I think music makers get lucky. Most of our software has reasonable copy protection. I've never had problems activating or opening something from Ableton or Native Instruments. Some people have trouble, but it's nothing like the horror stories I've heard out of other creative fields. My theory is the people at the top are mostly people who actually use the software or have at least had bad experiences with copy protection and don't want to contribute to the problem.
I don't think that's necessarily correct. Music production software isn't as dystopian partially because of the absolute market dominance of Logic Pro - anything else can't compete with it, so the last thing those companies want is more reasons for their customers to not use them.

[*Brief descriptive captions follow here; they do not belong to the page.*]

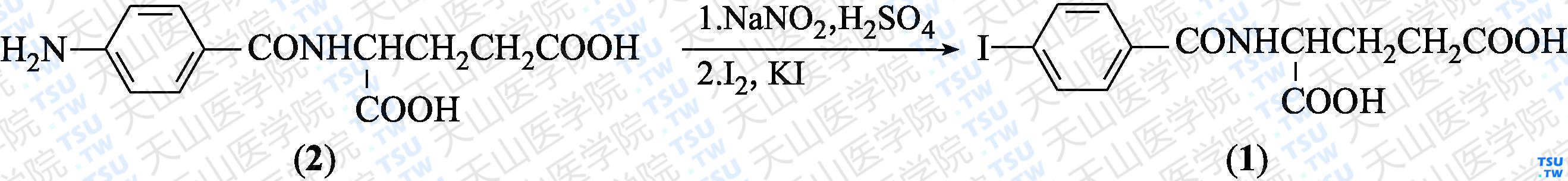 <i>N</i>-对碘苯甲酰基谷氨酸（分子式：C<sub>12</sub>H<sub>12</sub>INO<sub>5</sub>）的合成方法路线及其结构式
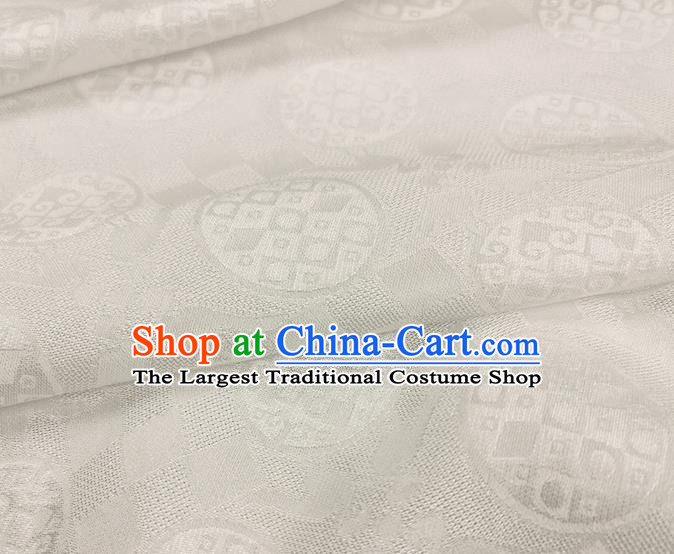 Chinese Classical Round Pattern White Silk Fabric Traditional Ancient Hanfu Dress Brocade Cloth
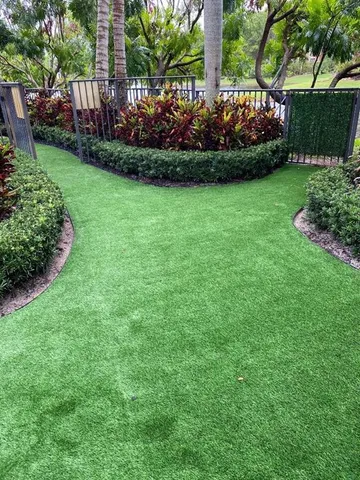 a view of a backyard with potted plants and large trees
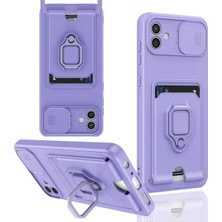 Samsung Galaxy A05 Kılıf Zuma Kartvizitli Yüzüklü Silikon - Lila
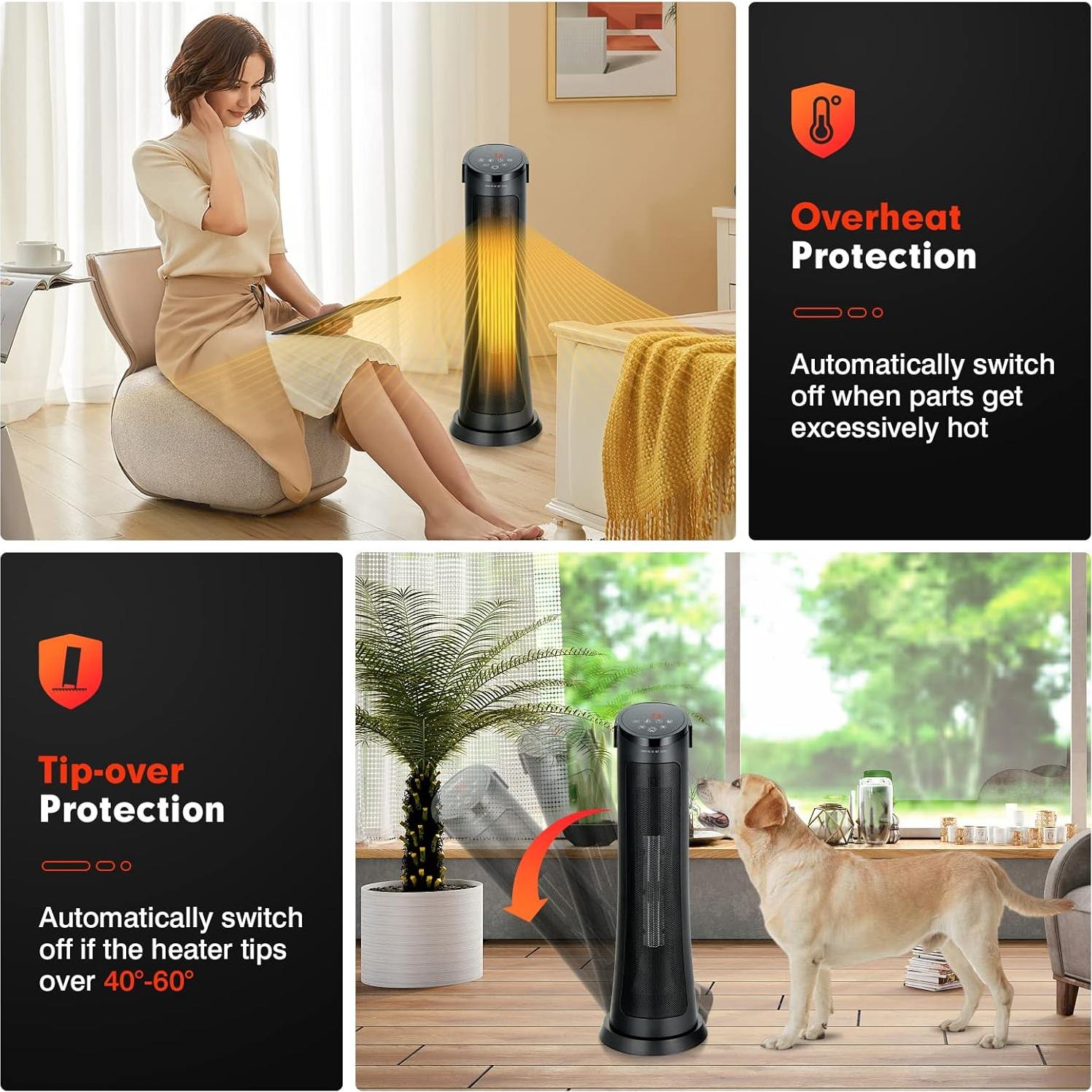 PETSITE Space Heater, 1500W PTC Ceramic Portable Electric Heater with Thermostat, 3 Modes and 24H Timer, Remote Control, Overheating & Tip-Over Protection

The other reason is people making money - the vast, vast majority of people will never make money from music production or guitar plugins (not because it is inherently worse, but because a lot more people do it for fun, v/s photo or video editing). Photoshop and Premier know that a substantial amount of customers use their products to make a living.
OTOH, what you're saying is definitely true to some extent for Guitar Plugins et al. Native Instruments has a bunch of free guitar plugins, and Tonebridge is amazing, and neither have any reason to be free.
>> "I don't think that's necessarily correct. Music production software isn't as dystopian partially because of the absolute market dominance of Logic Pro - anything else can't compete with it, so the last thing those companies want is more reasons for their customers to not use them."
This is news to me. It seems like the major DAWs have each cornered a particular sub-market. Cubase for orchestral, Pro Tools for studios, Live for live electronic stuff and EDM in general. Then there are smaller ones that claim share on the weaknesses of the others: Studio One, BitWig, Reaper, FL Studio, etc. I've been in this for a long time and never got a sense that Logic Pro was more than a strong contender. And I mainly get that sense from Logic Pro users who describe it as an oft-ignored underdog.
Is your claim only an intuitive thing based on the limits of one person's perspective, or do you have some stats for it? I couldn't find anything. My view is based on accounts from people who use it. You're the first to describe it as dominant.
I consider taking the time to learn these apps an investment.